• Work task: Go to the line holding "アクータ ACUTA ACUTA" in the data below and repeat it exactly, then each line after it up to and including the one holding "EF Collection Diamond". Omit pictures.

• Dataset entries:
★ ★ ★ ★

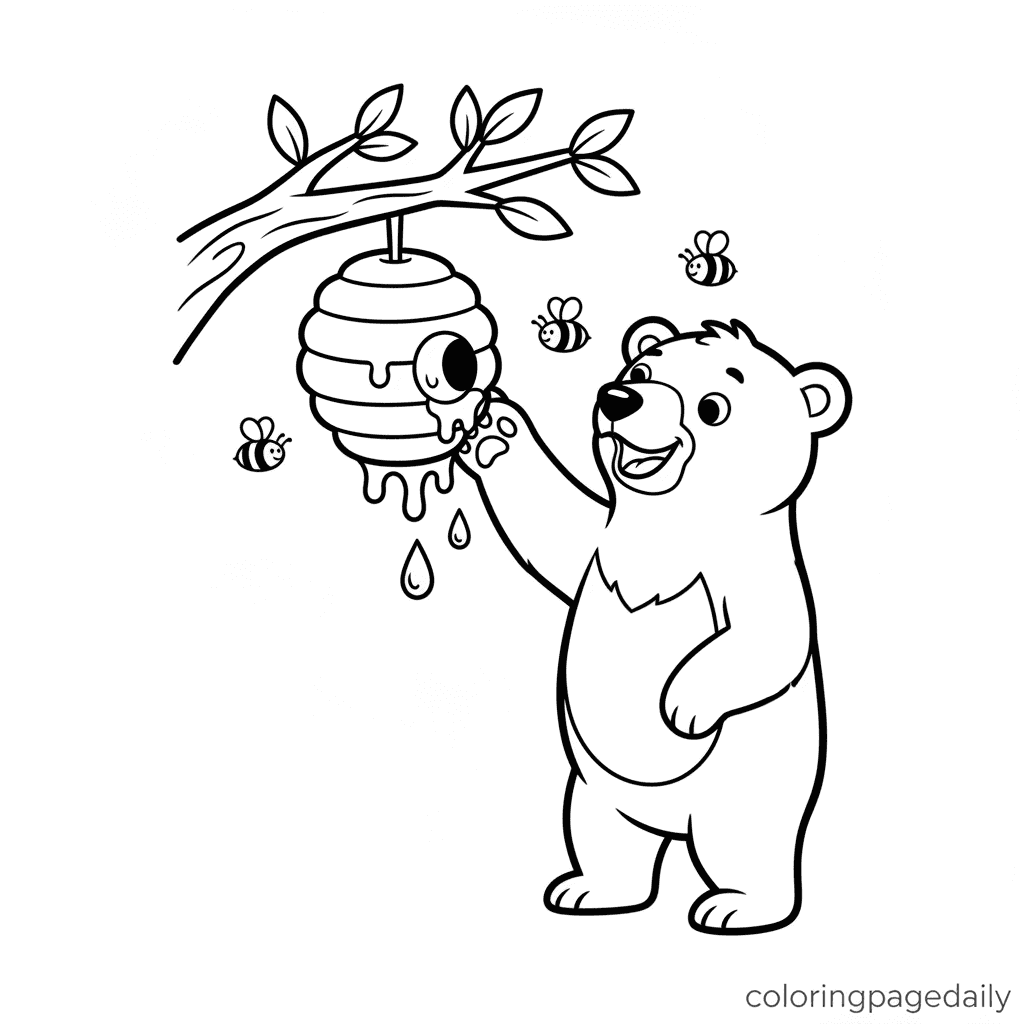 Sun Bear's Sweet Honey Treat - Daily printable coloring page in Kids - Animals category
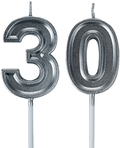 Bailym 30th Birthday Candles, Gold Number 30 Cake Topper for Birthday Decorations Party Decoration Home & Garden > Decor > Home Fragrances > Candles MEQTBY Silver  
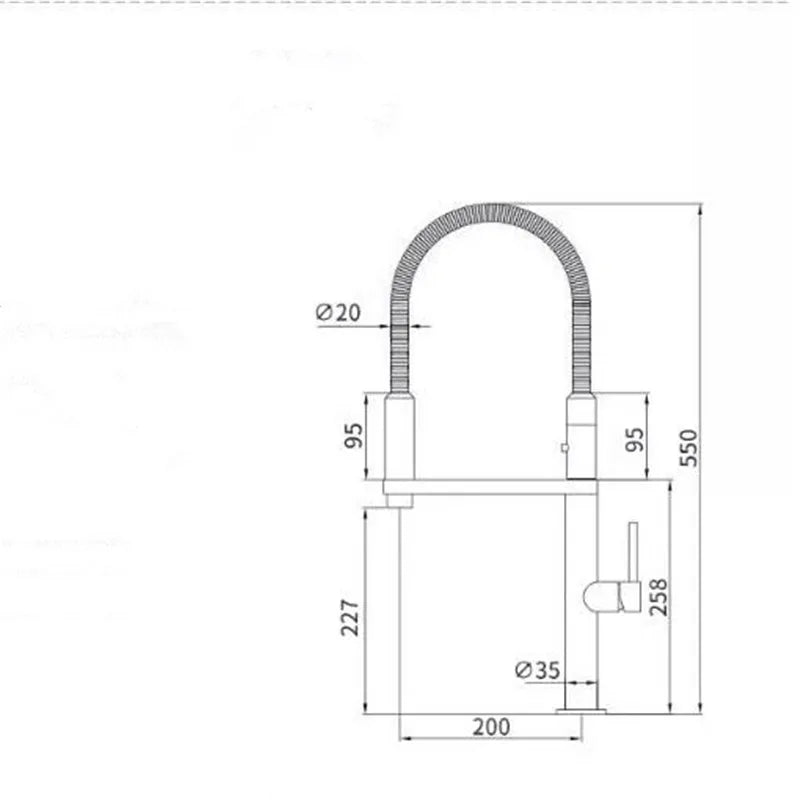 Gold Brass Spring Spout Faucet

★ ★ ★ ★

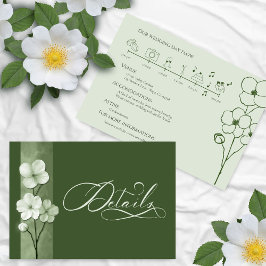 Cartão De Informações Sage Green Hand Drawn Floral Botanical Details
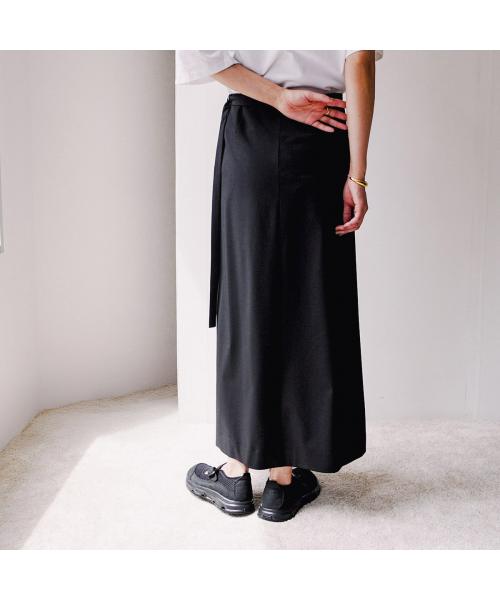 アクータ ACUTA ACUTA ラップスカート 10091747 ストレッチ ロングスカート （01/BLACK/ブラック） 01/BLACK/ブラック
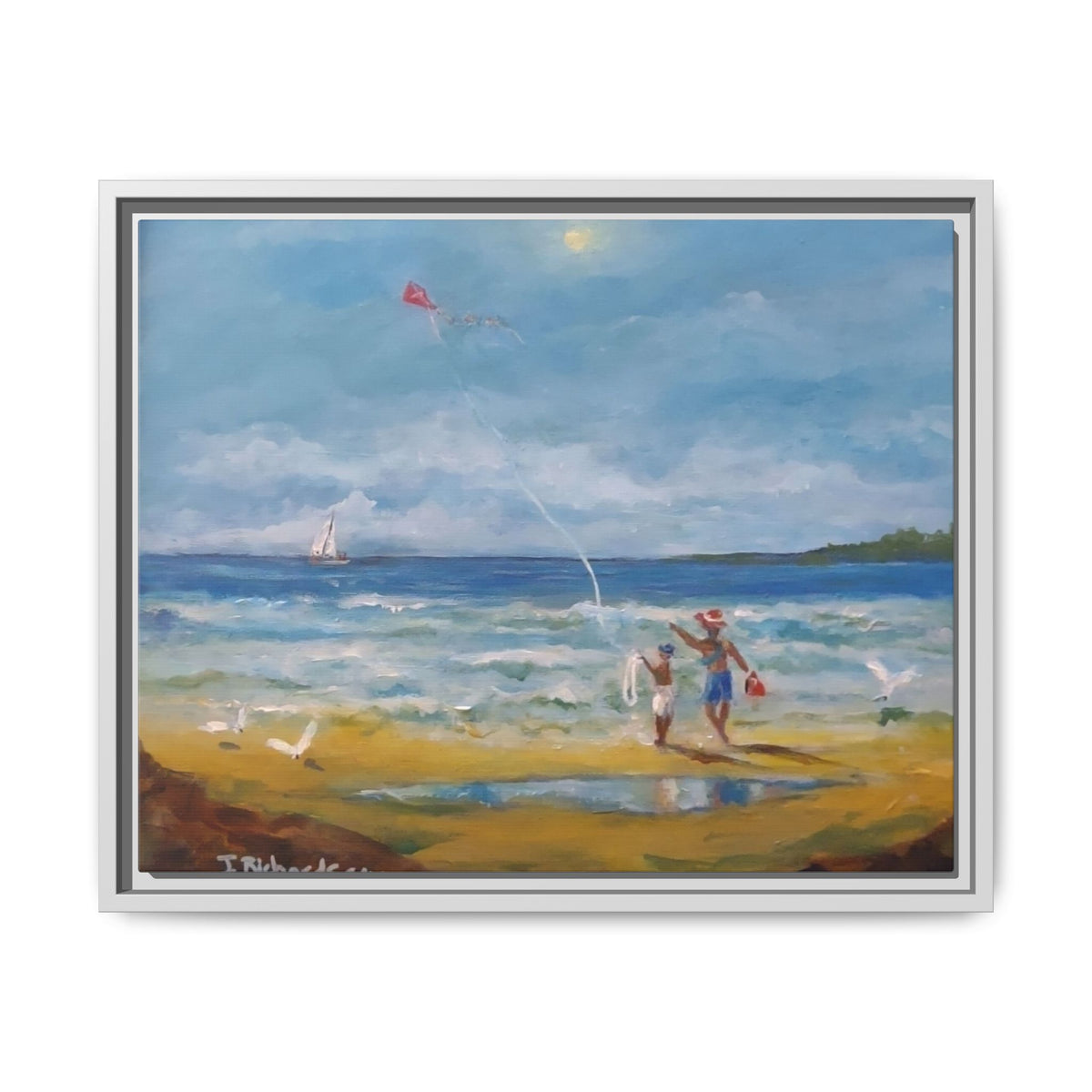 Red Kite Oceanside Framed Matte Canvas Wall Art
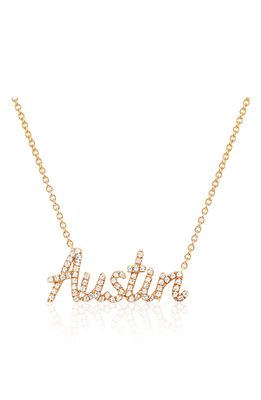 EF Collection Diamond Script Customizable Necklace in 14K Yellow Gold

★ ★ ★ ★

• Exercise response:
 アクータ ACUTA ACUTA ラップスカート 10091747 ストレッチ ロングスカート （01/BLACK/ブラック） 01/BLACK/ブラック
 Red Kite Oceanside Framed Matte Canvas Wall Art
 EF Collection Diamond Script Customizable Necklace in 14K Yellow Gold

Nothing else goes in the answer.